Content starts

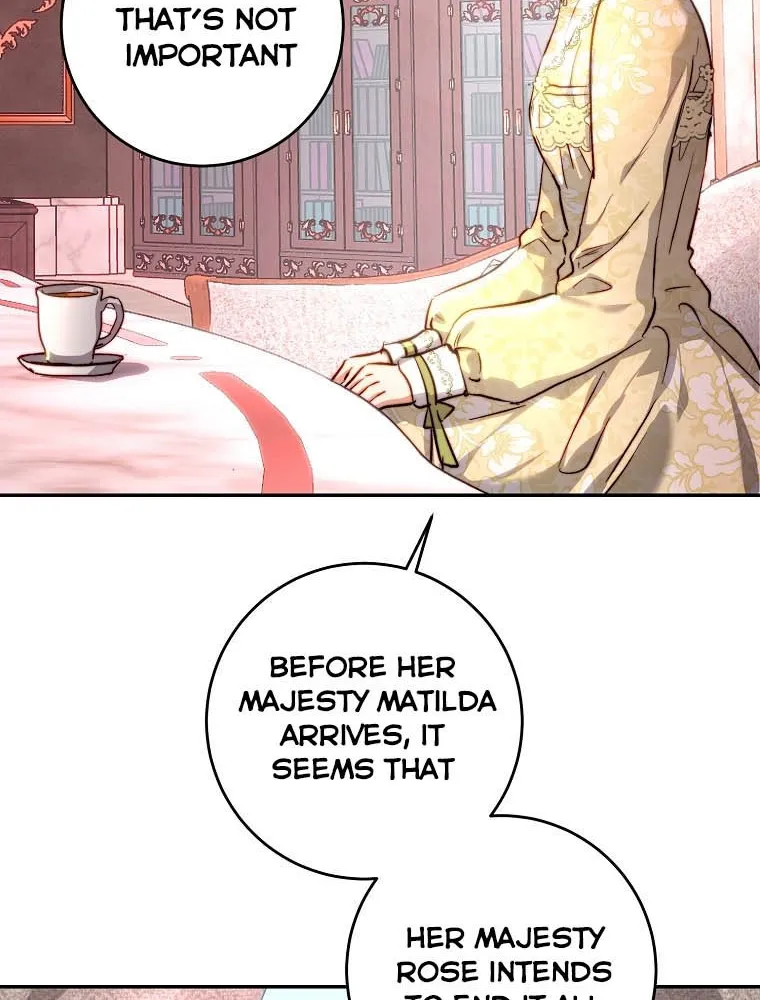 Princess Blooms Into A Crazy Flower Chapter 28 page 46 - Mangabat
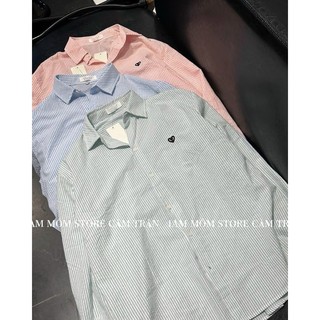 [MTM STORE] SOMI SỌC THÊU TIM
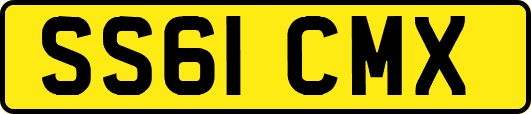 SS61CMX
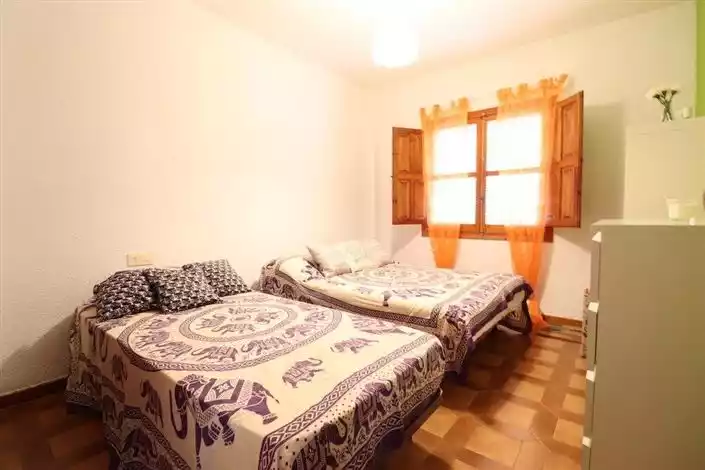 Квартира 60.5м² в Испании, Ориуэла Коста. Стоимостью 68000€ аренда фото-7
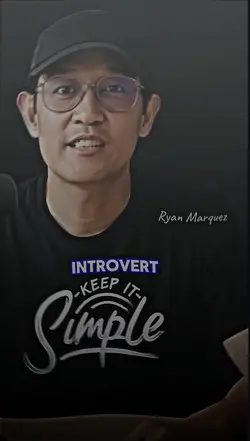INTROVERT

Content ends

__TASK DETAILS__: A verbatim copy of the material, pictures excluded, is what must be produced.

__ANSWER TO THE EXERCISE__:
 Princess Blooms Into A Crazy Flower Chapter 28 page 46 - Mangabat
 [MTM STORE] SOMI SỌC THÊU TIM
 SS61CMX
 Квартира 60.5м² в Испании, Ориуэла Коста. Стоимостью 68000€ аренда фото-7
INTROVERT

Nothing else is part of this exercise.